TASK STATEMENT — Please restate word for word the line holding "Nevşehir'de Estetik Diş" and every following line through the end of the entries.

DATA PROVIDED —
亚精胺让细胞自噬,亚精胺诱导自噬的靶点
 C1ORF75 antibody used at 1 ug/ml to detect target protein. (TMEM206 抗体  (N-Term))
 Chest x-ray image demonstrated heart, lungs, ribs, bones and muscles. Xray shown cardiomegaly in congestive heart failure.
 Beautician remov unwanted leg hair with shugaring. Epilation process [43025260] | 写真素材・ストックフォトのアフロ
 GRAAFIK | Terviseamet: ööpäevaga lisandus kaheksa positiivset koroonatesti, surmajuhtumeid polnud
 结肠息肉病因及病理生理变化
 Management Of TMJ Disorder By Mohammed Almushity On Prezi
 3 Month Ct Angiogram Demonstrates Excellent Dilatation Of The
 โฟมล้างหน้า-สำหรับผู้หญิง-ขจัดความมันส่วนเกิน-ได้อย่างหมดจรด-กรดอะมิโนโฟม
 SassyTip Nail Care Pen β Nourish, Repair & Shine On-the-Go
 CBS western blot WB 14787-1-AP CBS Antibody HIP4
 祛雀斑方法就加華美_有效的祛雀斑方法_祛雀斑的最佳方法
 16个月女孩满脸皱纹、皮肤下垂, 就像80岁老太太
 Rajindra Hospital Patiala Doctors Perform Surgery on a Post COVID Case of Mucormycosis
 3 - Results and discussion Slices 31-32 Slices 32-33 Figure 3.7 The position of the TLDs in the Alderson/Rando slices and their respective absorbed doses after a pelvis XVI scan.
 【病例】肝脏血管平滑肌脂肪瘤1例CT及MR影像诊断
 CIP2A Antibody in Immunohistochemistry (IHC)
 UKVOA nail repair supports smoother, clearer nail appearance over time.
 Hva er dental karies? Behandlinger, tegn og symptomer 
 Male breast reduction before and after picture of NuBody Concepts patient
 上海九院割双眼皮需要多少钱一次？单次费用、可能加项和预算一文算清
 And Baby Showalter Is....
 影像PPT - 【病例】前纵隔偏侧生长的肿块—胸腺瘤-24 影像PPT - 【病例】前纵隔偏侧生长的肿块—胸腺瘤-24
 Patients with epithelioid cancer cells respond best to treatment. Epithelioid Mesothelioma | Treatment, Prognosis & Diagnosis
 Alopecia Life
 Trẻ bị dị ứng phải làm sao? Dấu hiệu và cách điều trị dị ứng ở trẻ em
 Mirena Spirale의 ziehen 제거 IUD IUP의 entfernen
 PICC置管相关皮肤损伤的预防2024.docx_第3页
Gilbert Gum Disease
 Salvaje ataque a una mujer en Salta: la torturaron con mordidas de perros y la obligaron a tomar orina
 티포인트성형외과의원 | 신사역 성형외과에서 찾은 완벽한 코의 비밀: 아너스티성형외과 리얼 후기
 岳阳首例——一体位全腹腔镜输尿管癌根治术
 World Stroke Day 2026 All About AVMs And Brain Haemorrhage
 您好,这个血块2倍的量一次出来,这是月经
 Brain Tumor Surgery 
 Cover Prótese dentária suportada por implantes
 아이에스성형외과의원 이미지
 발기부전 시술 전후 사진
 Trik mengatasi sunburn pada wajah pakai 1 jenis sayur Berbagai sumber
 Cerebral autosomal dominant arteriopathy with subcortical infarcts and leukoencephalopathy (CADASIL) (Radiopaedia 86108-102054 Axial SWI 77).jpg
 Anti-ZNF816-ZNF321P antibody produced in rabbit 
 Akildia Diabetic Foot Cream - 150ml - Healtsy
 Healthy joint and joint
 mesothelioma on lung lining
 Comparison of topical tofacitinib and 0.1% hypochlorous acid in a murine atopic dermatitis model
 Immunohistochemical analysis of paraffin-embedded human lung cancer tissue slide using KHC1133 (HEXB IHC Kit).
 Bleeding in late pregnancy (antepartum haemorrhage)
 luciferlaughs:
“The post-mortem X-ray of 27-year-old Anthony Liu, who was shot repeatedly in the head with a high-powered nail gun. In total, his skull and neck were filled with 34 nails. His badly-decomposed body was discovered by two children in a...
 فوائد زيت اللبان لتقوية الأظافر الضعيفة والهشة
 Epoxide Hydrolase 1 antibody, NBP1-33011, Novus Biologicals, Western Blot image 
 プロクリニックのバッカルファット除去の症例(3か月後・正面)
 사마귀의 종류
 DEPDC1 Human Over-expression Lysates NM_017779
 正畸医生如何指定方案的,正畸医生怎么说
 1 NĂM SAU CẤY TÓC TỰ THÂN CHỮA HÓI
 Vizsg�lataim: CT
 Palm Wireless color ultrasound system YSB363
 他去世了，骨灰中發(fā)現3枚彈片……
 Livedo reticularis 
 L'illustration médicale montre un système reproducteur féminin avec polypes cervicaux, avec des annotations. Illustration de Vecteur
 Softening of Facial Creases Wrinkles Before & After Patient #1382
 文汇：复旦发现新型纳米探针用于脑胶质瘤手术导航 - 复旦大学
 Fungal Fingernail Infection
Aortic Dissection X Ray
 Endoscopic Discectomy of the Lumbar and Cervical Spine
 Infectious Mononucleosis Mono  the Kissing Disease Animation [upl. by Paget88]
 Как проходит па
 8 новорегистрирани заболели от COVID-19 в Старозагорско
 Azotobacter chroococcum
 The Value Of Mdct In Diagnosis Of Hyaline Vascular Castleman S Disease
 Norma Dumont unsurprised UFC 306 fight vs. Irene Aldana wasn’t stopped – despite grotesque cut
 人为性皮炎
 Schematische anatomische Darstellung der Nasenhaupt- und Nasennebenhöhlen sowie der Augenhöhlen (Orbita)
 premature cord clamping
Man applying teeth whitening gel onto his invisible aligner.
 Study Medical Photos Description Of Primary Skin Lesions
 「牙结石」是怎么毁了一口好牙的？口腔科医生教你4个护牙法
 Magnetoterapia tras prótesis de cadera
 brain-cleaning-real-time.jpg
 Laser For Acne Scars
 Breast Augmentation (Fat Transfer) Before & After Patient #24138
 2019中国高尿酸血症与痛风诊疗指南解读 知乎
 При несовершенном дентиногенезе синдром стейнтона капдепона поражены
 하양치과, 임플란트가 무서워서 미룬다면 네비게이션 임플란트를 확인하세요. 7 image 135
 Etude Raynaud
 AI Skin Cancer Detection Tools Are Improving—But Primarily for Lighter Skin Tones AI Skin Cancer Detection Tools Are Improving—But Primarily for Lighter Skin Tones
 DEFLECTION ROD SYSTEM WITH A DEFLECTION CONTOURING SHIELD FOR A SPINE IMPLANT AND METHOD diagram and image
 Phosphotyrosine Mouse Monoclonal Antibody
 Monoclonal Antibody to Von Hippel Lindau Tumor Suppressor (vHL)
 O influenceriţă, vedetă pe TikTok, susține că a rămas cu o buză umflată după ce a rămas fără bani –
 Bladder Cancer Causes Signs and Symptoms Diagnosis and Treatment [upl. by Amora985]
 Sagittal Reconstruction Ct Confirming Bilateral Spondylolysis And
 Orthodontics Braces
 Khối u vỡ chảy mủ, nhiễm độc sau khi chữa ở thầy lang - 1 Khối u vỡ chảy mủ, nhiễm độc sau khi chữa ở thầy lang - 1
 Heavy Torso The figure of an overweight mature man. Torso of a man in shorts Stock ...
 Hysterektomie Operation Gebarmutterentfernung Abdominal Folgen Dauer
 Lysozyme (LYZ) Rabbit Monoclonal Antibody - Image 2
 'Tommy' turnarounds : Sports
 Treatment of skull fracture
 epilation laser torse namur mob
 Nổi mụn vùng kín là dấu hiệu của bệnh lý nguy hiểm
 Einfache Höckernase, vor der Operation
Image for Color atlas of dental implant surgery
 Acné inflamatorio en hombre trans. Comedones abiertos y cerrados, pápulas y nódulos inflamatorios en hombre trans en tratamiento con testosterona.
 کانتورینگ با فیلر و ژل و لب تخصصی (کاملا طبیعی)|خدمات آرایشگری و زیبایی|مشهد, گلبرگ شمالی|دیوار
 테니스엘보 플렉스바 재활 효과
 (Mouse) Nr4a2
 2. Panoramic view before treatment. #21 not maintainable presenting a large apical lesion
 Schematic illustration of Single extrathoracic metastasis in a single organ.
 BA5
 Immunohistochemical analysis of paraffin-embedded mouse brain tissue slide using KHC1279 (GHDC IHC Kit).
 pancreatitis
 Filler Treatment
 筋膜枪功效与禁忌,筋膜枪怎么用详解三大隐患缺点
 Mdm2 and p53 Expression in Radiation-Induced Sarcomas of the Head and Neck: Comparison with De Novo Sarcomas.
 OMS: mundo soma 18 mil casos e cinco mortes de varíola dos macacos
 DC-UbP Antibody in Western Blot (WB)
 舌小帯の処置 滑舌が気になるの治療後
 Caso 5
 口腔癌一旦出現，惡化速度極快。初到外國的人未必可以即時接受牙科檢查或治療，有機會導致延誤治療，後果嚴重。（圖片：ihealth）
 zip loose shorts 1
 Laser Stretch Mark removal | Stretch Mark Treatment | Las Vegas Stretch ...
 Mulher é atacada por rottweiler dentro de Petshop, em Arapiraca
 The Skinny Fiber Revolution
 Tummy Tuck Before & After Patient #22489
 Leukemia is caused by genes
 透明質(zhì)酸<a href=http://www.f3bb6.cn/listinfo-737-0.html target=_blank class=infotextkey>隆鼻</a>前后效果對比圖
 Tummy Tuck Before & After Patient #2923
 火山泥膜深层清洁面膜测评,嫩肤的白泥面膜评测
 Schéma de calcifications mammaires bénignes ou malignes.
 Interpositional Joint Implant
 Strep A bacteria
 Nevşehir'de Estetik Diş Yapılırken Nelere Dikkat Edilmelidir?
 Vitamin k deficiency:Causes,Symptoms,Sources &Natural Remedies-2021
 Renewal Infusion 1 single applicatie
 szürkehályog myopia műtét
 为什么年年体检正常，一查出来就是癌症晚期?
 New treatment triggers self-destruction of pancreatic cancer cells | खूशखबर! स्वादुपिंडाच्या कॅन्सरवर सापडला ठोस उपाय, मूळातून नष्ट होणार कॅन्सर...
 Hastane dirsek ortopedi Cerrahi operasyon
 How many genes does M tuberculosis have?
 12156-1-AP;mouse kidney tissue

ANSWER BOX —
 Nevşehir'de Estetik Diş Yapılırken Nelere Dikkat Edilmelidir?
 Vitamin k deficiency:Causes,Symptoms,Sources &Natural Remedies-2021
 Renewal Infusion 1 single applicatie
 szürkehályog myopia műtét
 为什么年年体检正常，一查出来就是癌症晚期?
 New treatment triggers self-destruction of pancreatic cancer cells | खूशखबर! स्वादुपिंडाच्या कॅन्सरवर सापडला ठोस उपाय, मूळातून नष्ट होणार कॅन्सर...
 Hastane dirsek ortopedi Cerrahi operasyon
 How many genes does M tuberculosis have?
 12156-1-AP;mouse kidney tissue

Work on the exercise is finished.